Une série de sondages récents donne une nette avance au camp du maintien du Royaume-Uni dans l’Union européenne, offrant un avantage psychologique certain à ceux qui militent pour rester dans le giron européen à quatre semaines du référendum.
Selon une moyenne des six derniers sondages réalisée mercredi par l’institut What UK Think, le camp du «Remain» (rester) est en tête avec 53% des intentions de vote contre 47% pour le vote du «Leave» (partir). Mardi, le quotidien Daily Telegraph constatait, sur la base d’un sondage de l’institut ORB, que même les électeurs conservateurs et âgés, qui il y a deux mois se disaient majoritairement en faveur d’une sortie de l’UE, avaient viré de bord.
«Le camp du maintien continue de renforcer sa position (…) tandis que celui de la sortie recule pour avoir échoué à dissiper les craintes sur les conséquences financières et économiques d’un Brexit», a commenté dans le journal le stratège politique Lynton Crosby, proche du Premier ministre conservateur David Cameron, qui se bat pour un maintien dans l’UE. Une référence au déferlement de mises en garde lancées par le Trésor britannique, la Banque d’Angleterre, le Fonds monétaire international et jusqu’au président américain Barack Obama, qui tous prédisent des lendemains économiques difficiles au pays en cas de sortie de l’UE.
«Les sondages nous donnent systématiquement en tête», s’est félicité cette semaine devant la presse James McGrory, porte-parole de la campagne officielle pour le maintien dans l’UE, «Britain Stronger in Europe». En face, Nigel Farage, le chef du parti europhobe Ukip, rétorque que «la route est encore longue et seul un fou oserait prédire à ce stade l’issue de ce référendum». Cependant, pour John Curtice, professeur à l’université de Strathclyde en Écosse et spécialiste de l’étude des sondages, «la psychologie de la campagne a changé», donnant des ailes au camp du maintien.

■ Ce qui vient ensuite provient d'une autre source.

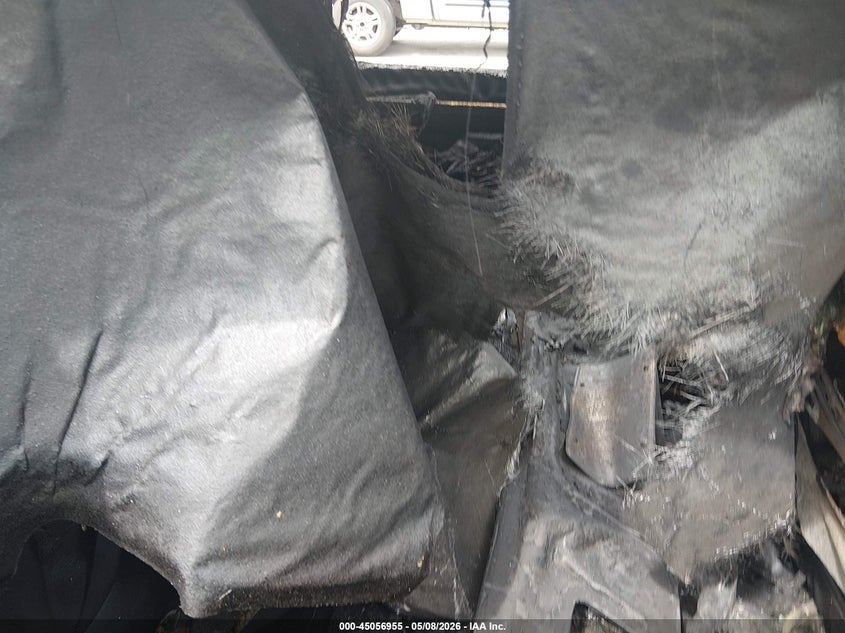 2013 BMW 7er VIN WBAYE8C54DD134001 IAAI salvage auction — TOTAL BURN, Salvage Non-Reb (South Carolina), sold $325 on 2026-07-08 (photo 8)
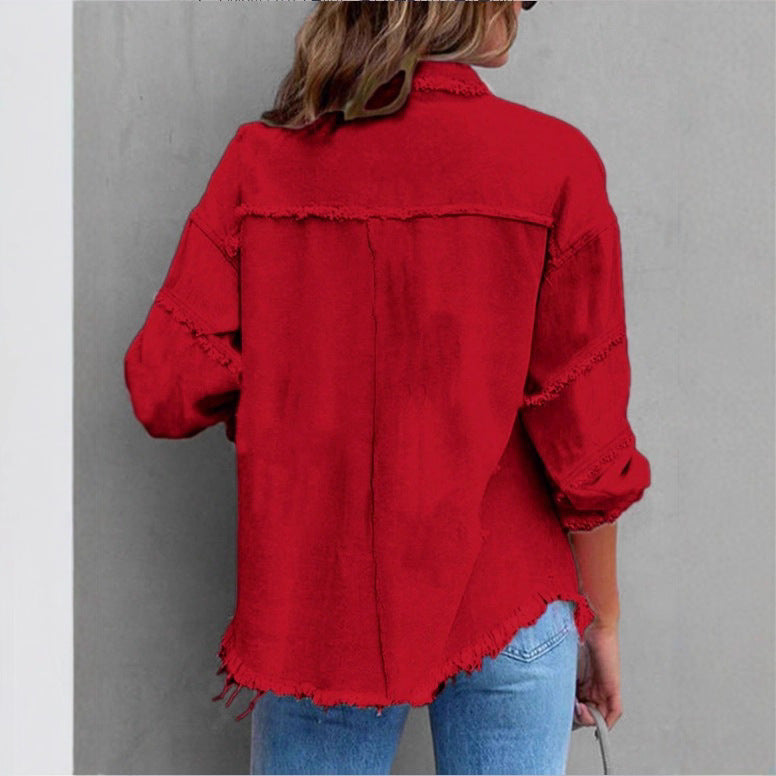 Damen Oversize-Jeanshemdjacke mit Fransenabschluss, Pattentaschen und Druckknopf-Front Echo Archiv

«Mobiliser plus que persuader»
Ce qui ne l’empêche pas d’estimer le glissement «plus léger» qu’il n’apparaît et de mettre en garde contre les conclusions hâtives, alors que chacun dans le pays a en tête le souvenir de l’humiliation des instituts de sondages qui avaient tous échoué à prédire la victoire des conservateurs aux législatives en 2015. «Il n’est pas évident que nous ayons atteint un point de bascule», a-t-il ajouté, tandis que James McGrory a lui appelé à «prendre les sondages avec des pincettes».
D’autant que le creusement de l’écart entre les deux camps s’est accompagné d’un changement de méthode de sondage par les instituts: depuis quelques semaines, ils ont réalisé davantage de sondages par téléphone -une méthode qui depuis le départ donne le maintien en tête-, alors qu’auparavant les enquêtes en ligne -qui elles donnent les deux camps au coude à coude- étaient très majoritaires.
L’une des explications avancée par John Curtice est que les sondages par téléphone privilégient des échantillons comprenant davantage de diplômés. Or ces derniers veulent majoritairement rester dans l’UE. Tout comme les jeunes, qui sont «culturellement et économiquement à l’aise avec la mondialisation et l’immigration», un des thèmes centraux de la campagne. Les minorités ethniques aussi se montrent davantage pro-UE malgré les tentatives de séduction des pro-Brexit qui leur promettent d’ouvrir davantage les portes à une immigration venue du sous-continent indien si le pays ferme ses frontières aux Européens.
Mais comme pour les jeunes, le défi sera de les amener à voter. «Nous entrons dans une course à la participation», constate Matthew Goodwin, membre du cercle de réflexion Chatham House, et chaque camp essaie désormais de concentrer ses forces sur la mobilisation des électeurs qui lui sont a priori acquis. «Dans ce référendum, c’est désormais davantage une question de mobilisation que de persuasion».